Думаю об омском положении и страшусь за судьбу офицерских семей; ожесточенно осуждаю себя за то, что в вопросе об эвакуации всех семей в Забайкалье и Приморье, с которым я так долго возился, не проявил достаточно резкой решительности и не добился соответственного результата в августе, когда настаивал на необходимости разгрузки Омска и ближайших тылов от всего небоевого. Каково будет положение женщин и детей во время хаотической эвакуации; чтобы представить это, достаточно вспомнить, что было при оставлении Уфы и Екатеринбурга, а потом Челябинска.

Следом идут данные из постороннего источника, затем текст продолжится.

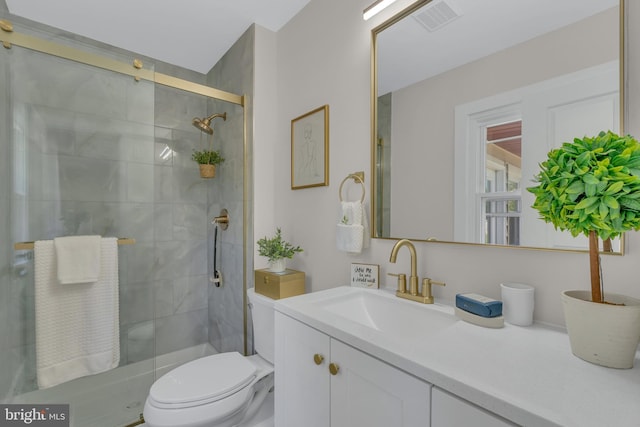 full bath featuring vanity, toilet, visible vents, and tiled shower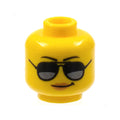 LEGO® Minifigure, Head Female Black Eyebrows, Sunglasses with Dark Silver Reflections, Medium Nougat Lips, Smirk Pattern 3626pb1778 gelb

12 ноября. Последние известия из Омска меня прямо ошеломили;

вместо трезвых и решительных распоряжений несутся какие-то истерические вопли о недопустимости оставления Омска, ибо это равносильно признанию конца. По этим выкрикам случайная сибирская станица, знаменитая до сих пор только своей баснословной грязью и пылью, оценивается выше Москвы и ради ничтожной географической точки ставится на карту судьба всех сибирских боевых кадров. Несомненно, что в этом очередном омском преступлении сказывается влияние творца предыдущего челябинского преступления генерала Бетонная голова[1828] и его теперешних сподвижников Иванова-Ринова и казачьей конференции.

Судя по полученной информации, на омском горизонте вновь воссиял крестоносный Голицын и его компания, вопящая о поголовном вооружении (с неизменным фактическим «ребята вперед, а мы за вами»).

Послал донкихотскую телеграмму адмиралу, умоляя отказаться от защиты Омска и спасать только живую силу армии. Зная омскую обстановку, понимаю безнадежность своего обращения, но по свойству своего характера не могу оставаться безучастным ко всему там совершающемуся.

Биржевой комитет Владивостока, реагируя на мою к нему телеграмму, выпустил воззвание поддерживать правительство и не выдумывать сейчас никаких новых политических комбинаций; последнее является, несомненно, следствием большей, чем моя, осведомленности комитета о семеновско-японских планах по части автономии Дальнего Востока.

Отмена золотой валюты и неудавшаяся реформа с ликвидацией сибирских денег вызвала стихийное стремление избавиться от последних; вчера на станции Харбин 90 процентов всей выручки было в сибирских.